## Problem description
Starting with the line that contains "A floral arrangement", repeat exactly every line through the last one in the records below, and leave out the pictures.

## Brief descriptive captions
<<<<
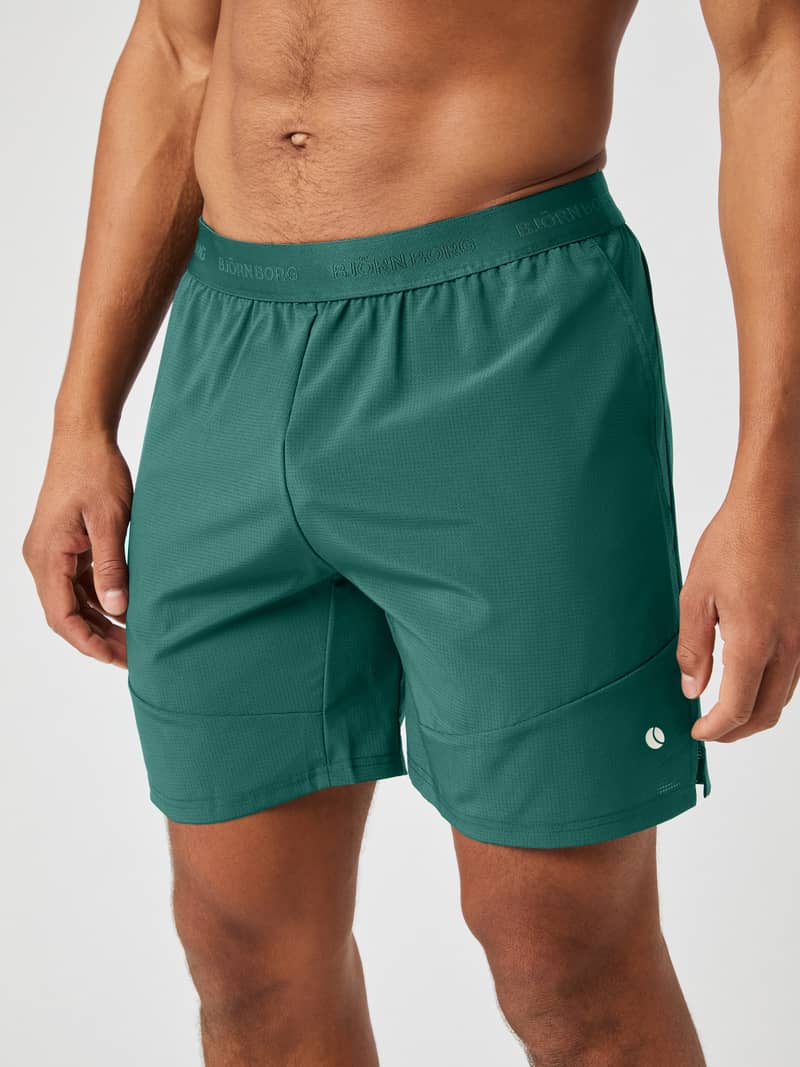 Ace Pro Shorts 7 Inch in Mallard Green (Green) for tennis, featuring a branded waistband and technical perforated fabric.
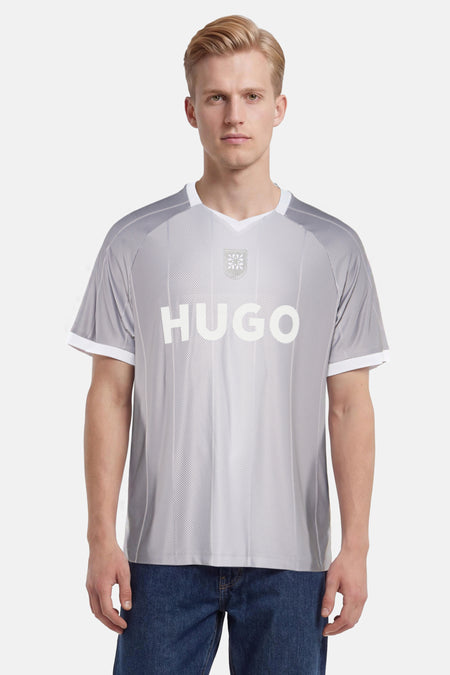 Grijs T-shirt met streepdessin van HUGO, voorzien van witte 'HUGO'-letters en een embleem, gedragen door een man met blauwe jeans.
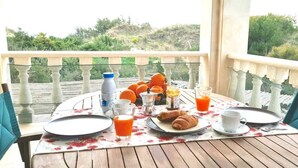 A balcony table set with breakfast items, including croissants, orange juice, and a bottle of milk.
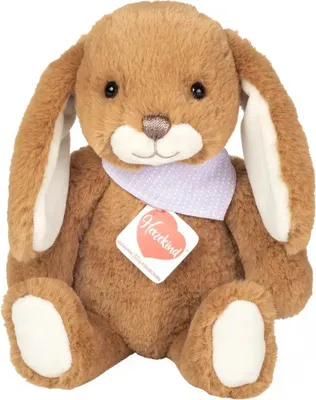 A brown teddy bear bunny with floppy ears and a purple polka dot bandana sits facing the camera.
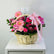 A floral arrangement in a woven wicker basket with a pink ribbon bow, displayed on a white cabinet against a light gray wall.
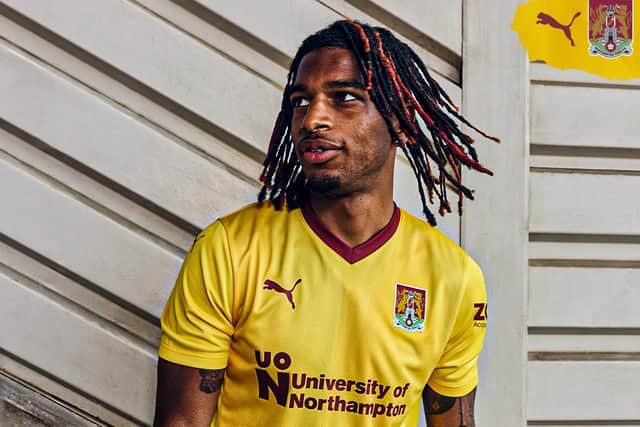 Defender Akin Odimayo models the new Cobblers away shirt for the 2024/25 season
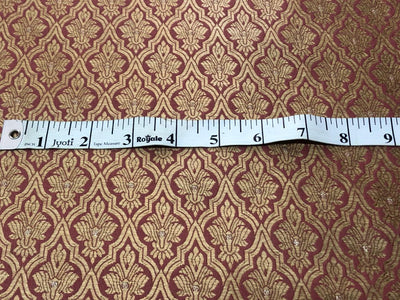 Silk Brocade fabric with subtle gold metallic jacquard motifs44" wide available in 4 colors rosy brown ,rust, bottle green and purple BRO1104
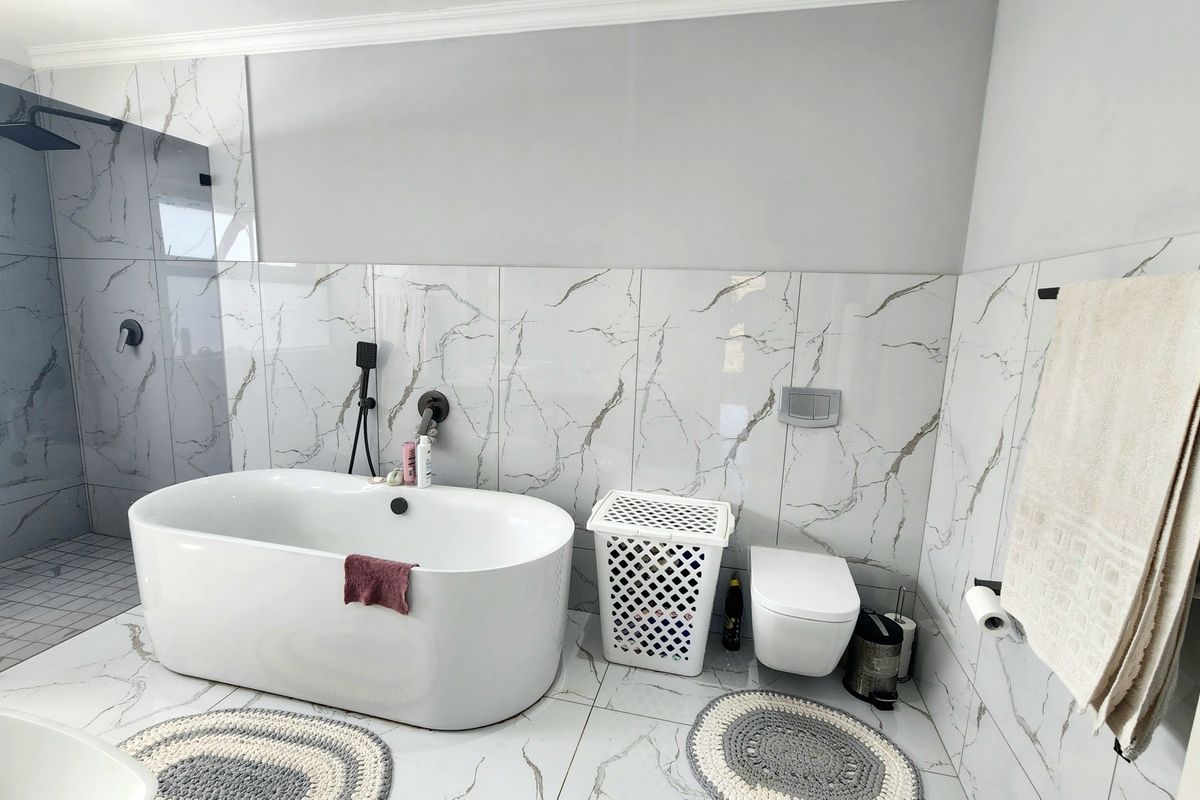 Modern bathroom featuring a sleek freestanding bathtub, a spacious walk-in shower with black fixtures, and elegant marble-look tiling throughout.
>>>>
## Answer section
 A floral arrangement in a woven wicker basket with a pink ribbon bow, displayed on a white cabinet against a light gray wall.
 Defender Akin Odimayo models the new Cobblers away shirt for the 2024/25 season
 Silk Brocade fabric with subtle gold metallic jacquard motifs44" wide available in 4 colors rosy brown ,rust, bottle green and purple BRO1104
 Modern bathroom featuring a sleek freestanding bathtub, a spacious walk-in shower with black fixtures, and elegant marble-look tiling throughout.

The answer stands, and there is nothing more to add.